We are pleased to share this Pittsburg Story by Photographer Tom M Johnson. Thank you Tom!
Pittsburgh Stories_Alexi Morrissey
One the perks of being a portrait photographer is I get to meet a spectrum of personalities. On somewhat of an extreme of this spectrum sits Alexi Morrissey. I met Alexi while setting up a shoot and he was delivering Millies Homemade Ice Cream to their parlor in Shadyside; one of the many odd jobs Alexi has done over the years to support his life and art. Alexi is a large man with an equally large voice with intense light blue eyes to match, and to coin a phrase, he has a personality larger than life, or as he says “there is a performative aspect to his personality.” When I feel it appropriate I’ll toss out an irreverent comment to a complete stranger. Most don’t get it and regard me suspiciously, not Alexi. He took my serve and swatted it right back. So hard in fact, it was game, set, and match on just one volley. In Pittsburgh it’s easy, sometimes too easy, to run into people you know. It turns out that, as do I, Alexi likes to visit Commonplace Coffee on the north side, and from there, a friendship developed.
Graduate school in sculpture at Carnegie Mellon University is what brought Alexi to Pittsburgh 24 years ago. However, in the metaphorical sense, Alexi believes he was born here. He arrived with no identity and for that matter in the early nineties neither did Pittsburgh. He told me that “the smoked city, the steel city, the mill town was gone.” Pittsburgh was essentially dormant. And according to Alexi, and I intend to agree, that Pittsburgh remains a city without a contemporary identity. It’s in flux. And because Pittsburgh was and remains in flux, Alexi finds the city a perfect place to thrive. He says, “Pittsburgh made me who I am by virtue of not knowing what it is.”

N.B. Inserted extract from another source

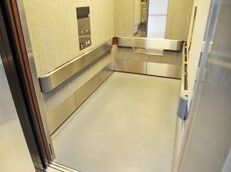大きなエレベーターの庫内にはシルバーの太い手すりが付き、正面には鏡が設置され、サイドには操作パネルが付いている。
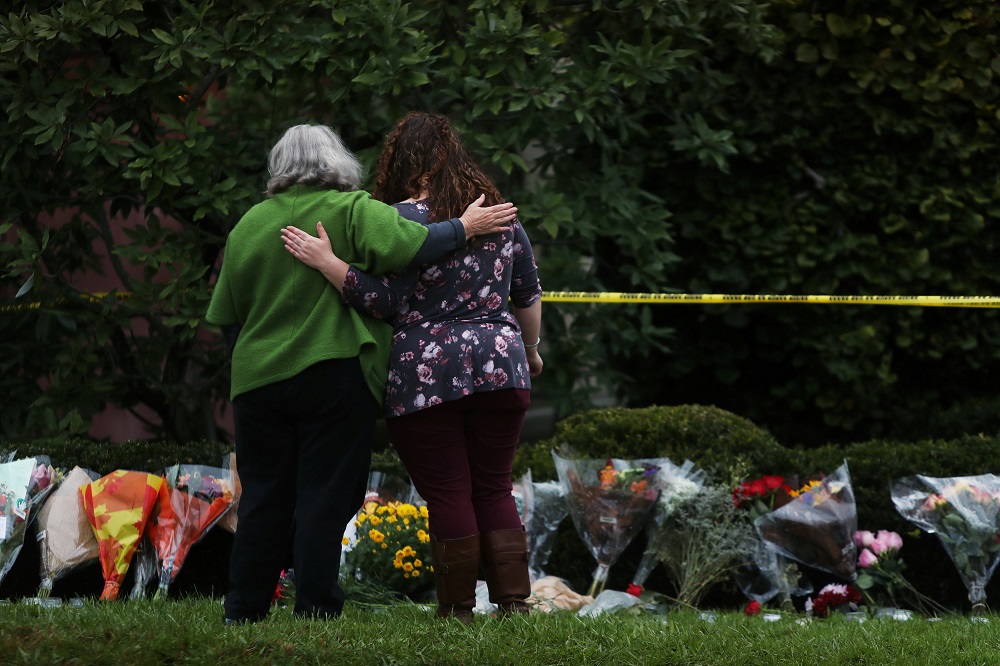 People visit an impromptu memorial at the Tree of Life synagogue following Saturday's shooting at the synagogue in Pittsburgh, Pennsylvania, October 28, 2018. u00e2u20acu201d Reuters pic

I admire Alexi for embracing the life of a bohemian artist, a life that’s cool when you’re 23, but not so cool when you’re 47 with two kids. Currently Alexi is working on a project titled “Have You Seen Me?” It is a collection of porcelain vases shaped in milk bottle form that transport the iconic 1980s era “kid on the milk carton” missing person campaign back in time to specific African societies during the Atlantic Slave Trade. The alternate reality memorializes real people kidnapped and captured into slavery. As well, Alexi, a guitar player, leads a band, Old Money, Jesus: that plays Gothpel (not Gospel) music. He proudly admits that he does not have an expertise in any one art form, nor does he have a specific craft or a specialty. What’s paramount to Alexi is to use whatever medium to express “the idea,” and with the idea use whatever material and support of colleagues to manifest the idea. When he was an undergraduate at the Kansas City Art Institute of Sculpture his teacher and mentor told his students, “There is the jack of all the trades and master of none, but we are, and how Alexi Morrissey prefers to define himself, “The Master of Jack!”